Peter Wittenburg
Abstract:
Despite a number of exceptions data practices in general do not allow easy integration and re-purposing to extract new knowledge. A European overview with about 120 intensive interactions with experts from different disciplines and from different types of institutions indicates that still much legacy is being created that can only be made re-usable by investing large sums of capital in curation. It also indicates that senior researchers know about the inefficiency of current data intensive research, but they hesitate to invest since in general we lack guidance through a huge solution space and we lack data professionals who could change practices.
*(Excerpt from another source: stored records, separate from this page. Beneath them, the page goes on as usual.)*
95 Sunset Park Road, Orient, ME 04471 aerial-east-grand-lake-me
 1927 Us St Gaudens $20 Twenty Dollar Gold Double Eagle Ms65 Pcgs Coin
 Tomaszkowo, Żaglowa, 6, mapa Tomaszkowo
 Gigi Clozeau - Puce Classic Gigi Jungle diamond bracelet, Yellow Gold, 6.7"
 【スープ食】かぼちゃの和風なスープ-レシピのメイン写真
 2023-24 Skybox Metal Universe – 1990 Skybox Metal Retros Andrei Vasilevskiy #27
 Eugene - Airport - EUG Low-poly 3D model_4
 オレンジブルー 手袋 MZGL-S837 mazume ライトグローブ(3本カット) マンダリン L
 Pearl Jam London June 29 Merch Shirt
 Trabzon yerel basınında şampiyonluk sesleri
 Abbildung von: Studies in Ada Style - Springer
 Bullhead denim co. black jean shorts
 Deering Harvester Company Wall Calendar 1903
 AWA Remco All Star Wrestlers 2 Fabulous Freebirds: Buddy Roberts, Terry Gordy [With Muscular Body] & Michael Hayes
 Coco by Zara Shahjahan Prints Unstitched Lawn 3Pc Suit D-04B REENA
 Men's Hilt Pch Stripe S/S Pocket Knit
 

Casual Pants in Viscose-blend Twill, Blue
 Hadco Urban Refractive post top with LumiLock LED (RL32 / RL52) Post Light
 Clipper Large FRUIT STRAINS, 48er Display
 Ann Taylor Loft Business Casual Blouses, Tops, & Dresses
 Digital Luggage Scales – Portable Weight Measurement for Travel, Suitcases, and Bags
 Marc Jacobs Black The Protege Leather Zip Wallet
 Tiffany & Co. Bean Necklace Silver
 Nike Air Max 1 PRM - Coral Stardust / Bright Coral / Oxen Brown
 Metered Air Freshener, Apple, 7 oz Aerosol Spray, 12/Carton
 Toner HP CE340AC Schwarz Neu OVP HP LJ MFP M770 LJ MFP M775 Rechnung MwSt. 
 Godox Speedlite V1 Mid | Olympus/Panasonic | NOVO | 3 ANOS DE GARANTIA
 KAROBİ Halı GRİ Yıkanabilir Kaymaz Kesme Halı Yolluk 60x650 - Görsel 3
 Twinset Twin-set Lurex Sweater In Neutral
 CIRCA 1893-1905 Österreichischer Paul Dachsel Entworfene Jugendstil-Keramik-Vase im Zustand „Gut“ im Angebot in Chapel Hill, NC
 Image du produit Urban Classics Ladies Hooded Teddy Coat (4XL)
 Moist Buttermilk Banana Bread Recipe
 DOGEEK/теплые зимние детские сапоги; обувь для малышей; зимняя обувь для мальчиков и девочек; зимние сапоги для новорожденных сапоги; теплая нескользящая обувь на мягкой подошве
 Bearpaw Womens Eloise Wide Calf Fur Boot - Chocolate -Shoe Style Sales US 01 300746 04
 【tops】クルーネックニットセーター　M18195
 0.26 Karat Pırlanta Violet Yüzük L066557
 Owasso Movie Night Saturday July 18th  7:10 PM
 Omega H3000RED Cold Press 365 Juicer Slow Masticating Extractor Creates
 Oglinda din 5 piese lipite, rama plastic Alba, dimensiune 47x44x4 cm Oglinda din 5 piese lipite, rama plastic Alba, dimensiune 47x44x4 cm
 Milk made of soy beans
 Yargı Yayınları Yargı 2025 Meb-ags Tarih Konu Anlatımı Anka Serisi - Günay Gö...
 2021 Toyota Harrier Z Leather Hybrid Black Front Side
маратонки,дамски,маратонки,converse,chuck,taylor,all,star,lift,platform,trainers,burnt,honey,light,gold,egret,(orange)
On the other hand we see in the realm of Open Science and Open Data that the pressure to repurpose data (and also tools) and thus enable innovation is increasing. The question is then how we can accelerate agreement finding towards best practices which then help to make data work much more efficient and thus reduce costs. Science can play the role of pioneering again, since the large companies simply have their business in mind – the role the big companies plaid when the basics of Internet were discussed some decades ago.
Science is increasingly global, since the challenges are global or since many scientific questions can only be answered when a global perspective is taken. Despite traditional structures that are still being maintained science is increasingly interdisciplinary. On the other hand trends showed clearly that many data issues (including analytics) are discipline-unspecific. Thus successful agreement forming needs to be cross-boundary (countries, disciplines). This may result in a difficult and time-consuming process.
The Research Data Alliance (RDA) has been established therefore to speed up acceleration forming across disciplines and national boundaries. It’s key elements are “bottom-up process driven by practitioners”, “results to overcome specific barriers within 18 months” and “rough consensus”. These principles have led to the first 5 concrete outputs within the first 20 months of life and a few other activities such as “Data Fabric” that tries to put the various activities on a common landscape to show their relationships and to harmonize them. Still RDA is a very young initiative and taking over the main principles of action of the Internet community does not give guarantees of success. But it is a chance which we need to make use of.